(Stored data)
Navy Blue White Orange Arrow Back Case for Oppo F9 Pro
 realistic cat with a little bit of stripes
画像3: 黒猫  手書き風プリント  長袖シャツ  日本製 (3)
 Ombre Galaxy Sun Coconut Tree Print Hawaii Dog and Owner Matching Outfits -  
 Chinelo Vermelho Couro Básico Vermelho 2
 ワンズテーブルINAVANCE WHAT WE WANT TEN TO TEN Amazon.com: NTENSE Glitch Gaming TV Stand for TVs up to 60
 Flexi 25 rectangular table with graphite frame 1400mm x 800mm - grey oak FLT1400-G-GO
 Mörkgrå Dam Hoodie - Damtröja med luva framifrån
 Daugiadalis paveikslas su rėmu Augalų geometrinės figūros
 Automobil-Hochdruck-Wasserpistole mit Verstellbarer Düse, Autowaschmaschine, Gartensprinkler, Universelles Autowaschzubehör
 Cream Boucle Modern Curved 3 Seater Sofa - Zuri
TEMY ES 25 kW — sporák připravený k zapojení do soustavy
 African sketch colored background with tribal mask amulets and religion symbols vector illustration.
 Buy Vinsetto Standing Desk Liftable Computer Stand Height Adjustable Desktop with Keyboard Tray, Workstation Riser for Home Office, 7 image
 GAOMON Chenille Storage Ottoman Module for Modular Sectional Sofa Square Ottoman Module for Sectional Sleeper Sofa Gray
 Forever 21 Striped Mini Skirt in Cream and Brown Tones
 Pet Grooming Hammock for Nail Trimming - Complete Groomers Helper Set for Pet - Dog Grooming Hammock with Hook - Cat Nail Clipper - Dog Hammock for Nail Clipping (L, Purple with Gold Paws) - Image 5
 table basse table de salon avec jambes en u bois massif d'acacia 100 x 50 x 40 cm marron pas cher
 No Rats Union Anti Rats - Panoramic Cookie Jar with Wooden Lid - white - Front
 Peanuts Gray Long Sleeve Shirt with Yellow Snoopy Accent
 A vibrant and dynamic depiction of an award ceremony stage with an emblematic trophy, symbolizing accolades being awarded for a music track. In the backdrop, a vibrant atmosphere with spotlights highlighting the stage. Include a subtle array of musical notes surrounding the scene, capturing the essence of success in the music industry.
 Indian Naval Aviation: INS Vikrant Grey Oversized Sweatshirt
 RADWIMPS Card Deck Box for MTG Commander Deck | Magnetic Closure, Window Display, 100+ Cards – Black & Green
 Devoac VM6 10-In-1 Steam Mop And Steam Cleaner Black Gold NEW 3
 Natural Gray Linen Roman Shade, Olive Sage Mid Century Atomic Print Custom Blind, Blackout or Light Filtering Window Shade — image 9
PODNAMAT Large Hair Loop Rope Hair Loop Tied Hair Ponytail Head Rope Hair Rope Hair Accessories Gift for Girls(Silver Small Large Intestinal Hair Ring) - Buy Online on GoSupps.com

## Action item
In the entries above, find each line with the word "Sofa" and copy it.

## Response
 Cream Boucle Modern Curved 3 Seater Sofa - Zuri
 GAOMON Chenille Storage Ottoman Module for Modular Sectional Sofa Square Ottoman Module for Sectional Sleeper Sofa Gray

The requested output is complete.